The illustration of Triela with her firearms and teddy bears from Gunslinger Girl Volume 3 was used for the first omnibus collection cover art. A few other cover illustrations are included as extras at the end of the book, but all the pages are printed in black and white. The print job is wonderfully crisp and truly does Aida-sensei's exquisite artwork justice. The binding is satisfactory as is the paper stock.
Two pages of translation notes are included at the end of the book, and footnotes for abbreviations are provided throughout. In keeping with the European flavor of the story, Italian titles are used, and some Russian and German text is also included. Sound effects are translated with overlays, but some pages still have the original Japanese alongside the English sound effects.
Girls with guns. The combination might lead one to believe this is a shallow series involving gratuitous sex and violence, but while Gunslinger Girl serves violence in spades and contains a couple unnecessary panty shots, it's actually a thought-provoking manga.
Its basic premise: an Italian social welfare program which ostensibly rehabilitates brutalized young girls actually turns them into cyborg assassins for a counter-terrorism group. Because the process has its side-effects, each girl is assigned a handler tasked to ensure she stays on mission. From this flows a complex, multi-faceted story. There are of course the clashes between the cyborgs and the terrorists they were created to fight, and these include some exciting and well-rendered (if graphic) action sequences. However, even more interesting are the interactions between the cyborgs and the handlers who have their absolute loyalty. And then there are the characters' individual stories. Whether cyborg, handler, or terrorist, each bears scars from past events, and all struggle to live with the physical and emotional consequences.
Though there are several fratellos (cyborg/handler pairs), Aida-sensei tends to focus on one pair at a time. One of the nice things about the omnibus is that Henrietta, Triela, Rico, Claes, and Angelica each get highlighted over the course of the book. Despite their common mission, each cyborg has a distinct personality, and each fratello its own dynamic. A main component of the plot is the cyborgs' "conditioning" induced loyalty, and it's interesting to see the different ways that loyalty manifests and how each handler views it.
For those familiar with the anime, this first omnibus volume encompasses all of season one and goes part way through the events of season two. The character designs are basically the same, but though the storylines of the anime and manga cover the same territory, they're not an exact match. For instance, in the "Death of Elsa" arc, the anime includes scenes while Elsa is still alive whereas the manga only addresses the events after her death.
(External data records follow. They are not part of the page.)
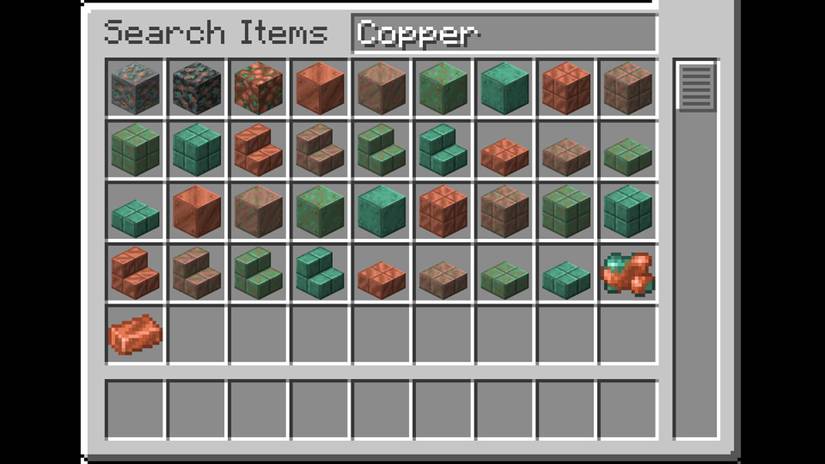 Minecraft copper oxidization states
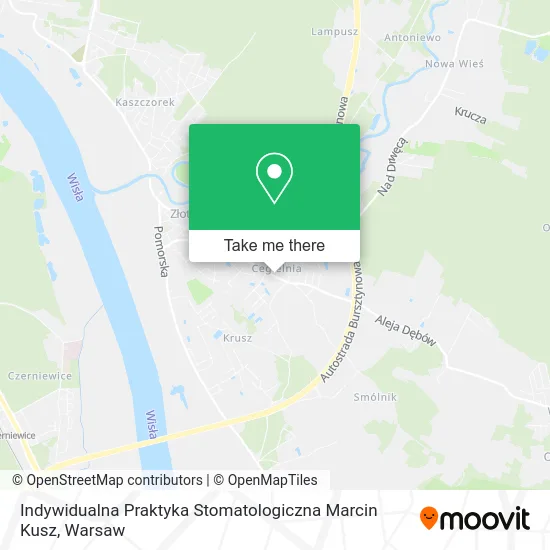 Карта Indywidualna Praktyka Stomatologiczna Marcin Kusz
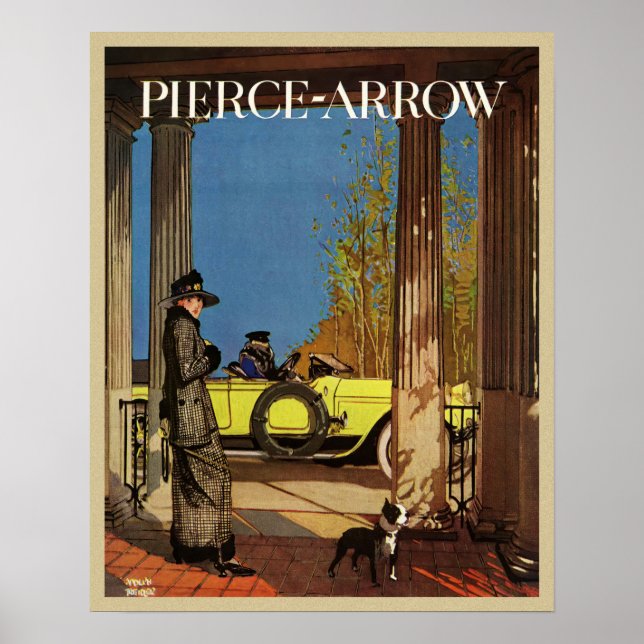 Vintage Pierce-Arrow 1919 Magazine Ad Poster (Front)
Both tragic and beautiful, Gunslinger Girl paints a complex portrait of children who cling to their humanity despite being used as lethal tools of the state. This is definitely NOT a title for young readers as it contains graphic violence, made all the more disturbing because cute little girls are blowing people's heads off. For mature readers, however, the grisly assignments of the Agency take a backseat to the personal dramas of the cyborgs and their handlers, who struggle to make the best of their often bitter lot.